Goal of the exercise →
Gather every line below where "photo" appears.

--- Dataset records Enclosed Below ---

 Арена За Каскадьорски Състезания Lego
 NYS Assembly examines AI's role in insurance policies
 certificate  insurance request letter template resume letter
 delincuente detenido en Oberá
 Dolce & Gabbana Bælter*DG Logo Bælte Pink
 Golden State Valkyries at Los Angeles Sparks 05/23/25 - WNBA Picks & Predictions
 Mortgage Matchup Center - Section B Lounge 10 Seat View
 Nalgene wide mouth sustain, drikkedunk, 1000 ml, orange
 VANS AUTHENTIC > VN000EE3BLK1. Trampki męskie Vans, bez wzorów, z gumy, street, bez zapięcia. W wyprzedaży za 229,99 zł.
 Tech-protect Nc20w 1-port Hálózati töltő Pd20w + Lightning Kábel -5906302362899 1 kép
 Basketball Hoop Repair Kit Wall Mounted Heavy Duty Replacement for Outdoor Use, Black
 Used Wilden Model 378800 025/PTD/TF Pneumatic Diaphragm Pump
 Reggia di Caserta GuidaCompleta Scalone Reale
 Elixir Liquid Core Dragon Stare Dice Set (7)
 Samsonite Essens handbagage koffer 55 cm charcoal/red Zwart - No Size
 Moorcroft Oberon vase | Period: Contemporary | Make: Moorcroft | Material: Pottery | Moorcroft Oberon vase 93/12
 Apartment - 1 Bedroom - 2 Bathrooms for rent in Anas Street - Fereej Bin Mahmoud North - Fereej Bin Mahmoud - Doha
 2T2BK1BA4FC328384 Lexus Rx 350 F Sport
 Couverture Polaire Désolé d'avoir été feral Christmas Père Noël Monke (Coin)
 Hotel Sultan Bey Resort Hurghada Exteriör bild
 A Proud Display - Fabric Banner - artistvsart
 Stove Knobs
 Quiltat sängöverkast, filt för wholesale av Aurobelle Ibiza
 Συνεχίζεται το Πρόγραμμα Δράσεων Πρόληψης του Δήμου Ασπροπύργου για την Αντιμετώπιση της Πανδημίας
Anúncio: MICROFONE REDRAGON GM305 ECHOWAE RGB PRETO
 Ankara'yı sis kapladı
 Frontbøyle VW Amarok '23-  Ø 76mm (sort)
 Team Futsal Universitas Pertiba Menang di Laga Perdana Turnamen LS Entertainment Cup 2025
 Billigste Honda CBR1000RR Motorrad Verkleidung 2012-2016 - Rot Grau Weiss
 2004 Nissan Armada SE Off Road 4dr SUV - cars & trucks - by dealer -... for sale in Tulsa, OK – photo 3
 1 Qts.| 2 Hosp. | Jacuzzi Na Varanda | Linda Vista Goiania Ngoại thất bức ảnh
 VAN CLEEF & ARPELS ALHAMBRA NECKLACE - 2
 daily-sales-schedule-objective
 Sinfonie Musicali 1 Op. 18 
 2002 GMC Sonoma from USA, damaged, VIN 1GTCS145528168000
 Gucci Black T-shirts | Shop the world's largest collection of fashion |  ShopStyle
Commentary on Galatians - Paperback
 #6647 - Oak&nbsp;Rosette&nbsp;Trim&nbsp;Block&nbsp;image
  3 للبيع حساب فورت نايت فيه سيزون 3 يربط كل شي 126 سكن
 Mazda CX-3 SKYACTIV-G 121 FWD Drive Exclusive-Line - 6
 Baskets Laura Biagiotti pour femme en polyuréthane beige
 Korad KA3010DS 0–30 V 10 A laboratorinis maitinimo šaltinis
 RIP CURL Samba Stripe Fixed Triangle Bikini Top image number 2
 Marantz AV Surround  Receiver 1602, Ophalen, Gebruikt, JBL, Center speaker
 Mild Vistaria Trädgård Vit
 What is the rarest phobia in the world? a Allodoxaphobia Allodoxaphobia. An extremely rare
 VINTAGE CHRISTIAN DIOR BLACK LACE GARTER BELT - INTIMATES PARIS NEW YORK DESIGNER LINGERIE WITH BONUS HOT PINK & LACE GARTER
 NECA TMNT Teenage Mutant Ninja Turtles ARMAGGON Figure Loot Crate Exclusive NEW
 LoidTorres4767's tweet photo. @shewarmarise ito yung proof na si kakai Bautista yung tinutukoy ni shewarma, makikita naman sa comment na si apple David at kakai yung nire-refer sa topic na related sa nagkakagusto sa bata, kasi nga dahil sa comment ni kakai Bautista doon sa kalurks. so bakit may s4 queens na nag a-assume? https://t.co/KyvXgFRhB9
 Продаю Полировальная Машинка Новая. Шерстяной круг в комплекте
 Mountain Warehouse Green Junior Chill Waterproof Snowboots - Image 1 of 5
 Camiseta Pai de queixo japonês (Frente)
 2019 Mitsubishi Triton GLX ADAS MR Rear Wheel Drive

--- End of Enclosed Dataset records ---

Completed exercise →
 2004 Nissan Armada SE Off Road 4dr SUV - cars & trucks - by dealer -... for sale in Tulsa, OK – photo 3
 LoidTorres4767's tweet photo. @shewarmarise ito yung proof na si kakai Bautista yung tinutukoy ni shewarma, makikita naman sa comment na si apple David at kakai yung nire-refer sa topic na related sa nagkakagusto sa bata, kasi nga dahil sa comment ni kakai Bautista doon sa kalurks. so bakit may s4 queens na nag a-assume? https://t.co/KyvXgFRhB9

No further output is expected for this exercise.